L’influence des biais cognitifs
Les biais cognitifs sont une autre catégorie de facteurs qui influent sur la prise de décision. Ils ont davantage d’emprise sur les investisseurs qui maîtrisent moins bien le domaine financier et les disciplines connexes (les mathématiques notamment). « Pour faire une analogie, une personne qui joue à la roulette pourrait vouloir miser sur le rouge parce qu’il est sorti les dix dernières fois et qu’il voit là une tendance. En connaissant les lois de la probabilité, cette personne prendrait une autre décision », explique Richard Guay.
Des automatismes propres à la plupart des humains se greffent aux émotions pour fausser le jugement des investisseurs. Le mimétisme et le suivisme sont des biais bien connus. « Ça prend du courage et une certaine confiance en soi pour prendre des décisions hors des sentiers battus », souligne Josée Blondin. La plupart du temps, les êtres humains préfèrent donc suivre le mouvement. C’est plus rassurant… Mais pas toujours gagnant.
Développer les bons réflexes
Tous ces biais ont une incidence sur les décisions financières sans que les individus en soient conscients. « De tous les biais, les émotions sont le plus difficiles à éviter », reconnaît le professeur en finance. C’est pourtant possible de rationaliser ses choix et de réduire le risque d’erreurs. Voici cinq bons réflexes à développer :
1. Prendre du recul
« Avant de prendre une décision financière, il vaut mieux s’accorder un temps de recul et ensuite, une fois son choix fait, lâcher prise : on n’a pas de pouvoir sur l’économie ni le marché alors on ne peut pas prévoir ce qui va arriver », explique Josée Blondin. Ce temps d’arrêt, même s’il est court, « permet au raisonnement de faire son travail. Prendre son temps atténue l’effet des émotions sur la décision », précise Richard Guay.
2. Apprendre à se connaître
S’il est impossible de rationaliser entièrement nos décisions, bien se connaître permet de réduire les effets pervers des émotions. « Faire de l’introspection et apprendre de ses erreurs sont des moyens qui mènent à prendre de meilleures décisions. » Apprendre à se connaître, dresser des objectifs de vie et des bilans réguliers aident à faire de meilleurs choix selon ses attentes personnelles », recommande Josée Blondin.
3. Analyser de façon plus poussée
La prise en compte de données objectives pour motiver ses décisions reste la solution la plus efficace pour rester le plus rationnel possible et atténuer l’influence des émotions. S’informer des tendances, respecter les ratios, garder un sens critique face à des mouvements de masse, analyser les résultats du secteur, des entreprises, observer les cours, être à l’affût des informations sont des habitudes fondamentales à adopter. « Pour faire des choix éclairés, il faut développer une curiosité intellectuelle », affirme Josée Blondin.

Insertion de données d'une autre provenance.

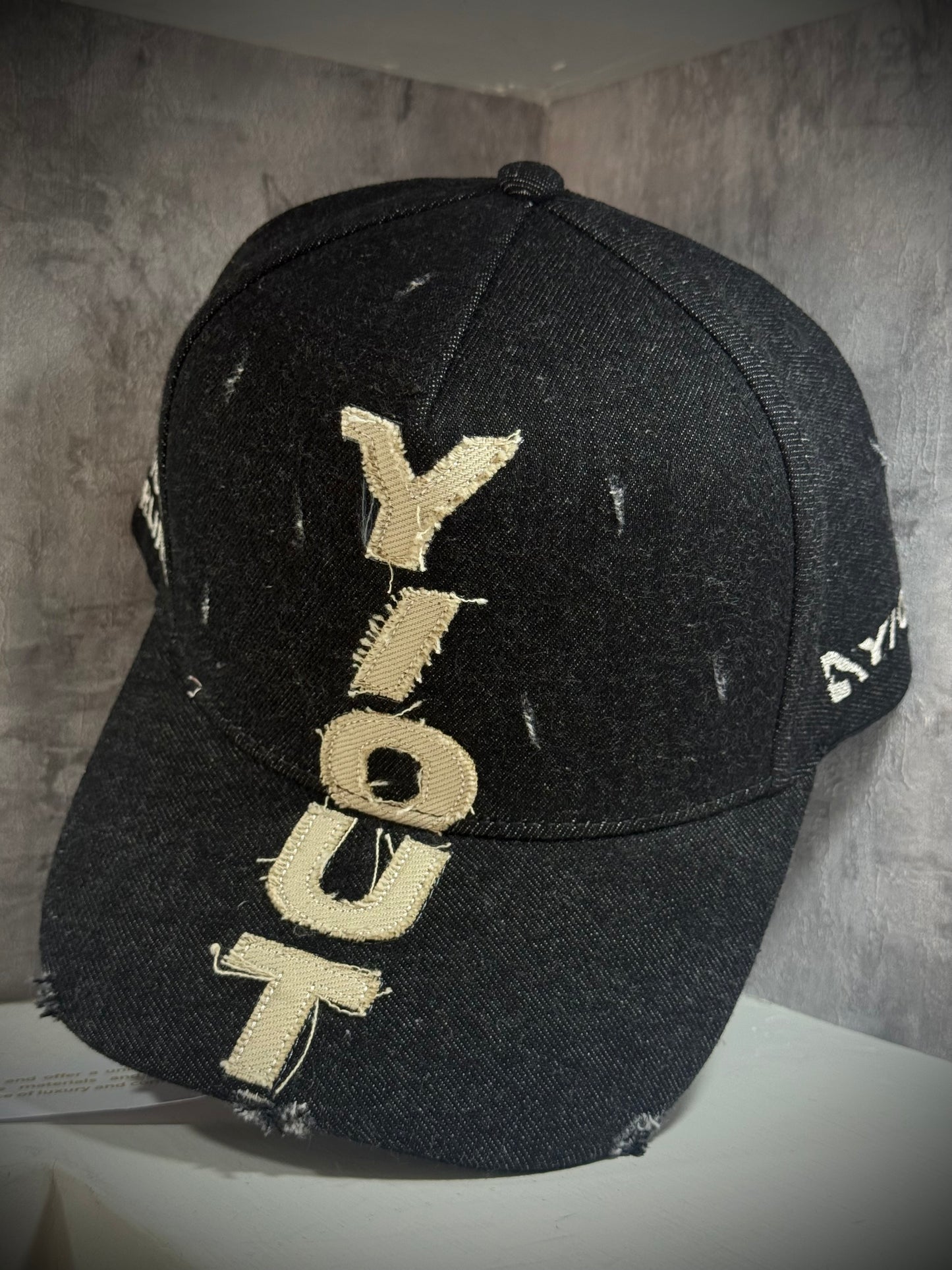 GORRA Y/OUT AIRLINES GRIS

4. Récolter de nombreux avis
Une bonne façon de contrebalancer sa subjectivité consiste à échanger avec d’autres personnes. « Le simple fait de poser la question nous force à enclencher notre raisonnement. Devoir argumenter pour expliquer son point de vue permet au cognitif de prendre le dessus », mentionne Richard Guay.
5. Diversifier son portefeuille
Sachant que personne ne pourra jamais être totalement rationnel, autant être prévoyant. Alors, tout en appliquant les conseils précédents, « diversifiez vos portefeuilles », martèle Richard Guay. En cas d’erreur, les pertes seront ainsi limitées.
Connaître les enseignements de la finance comportementale est essentiel pour une bonne compréhension des comportements financiers. La connaissance de ceux-ci permettra aussi d’améliorer le processus de prises de décision afin de réduire les erreurs liées à l’influence des émotions ou des biais cognitifs.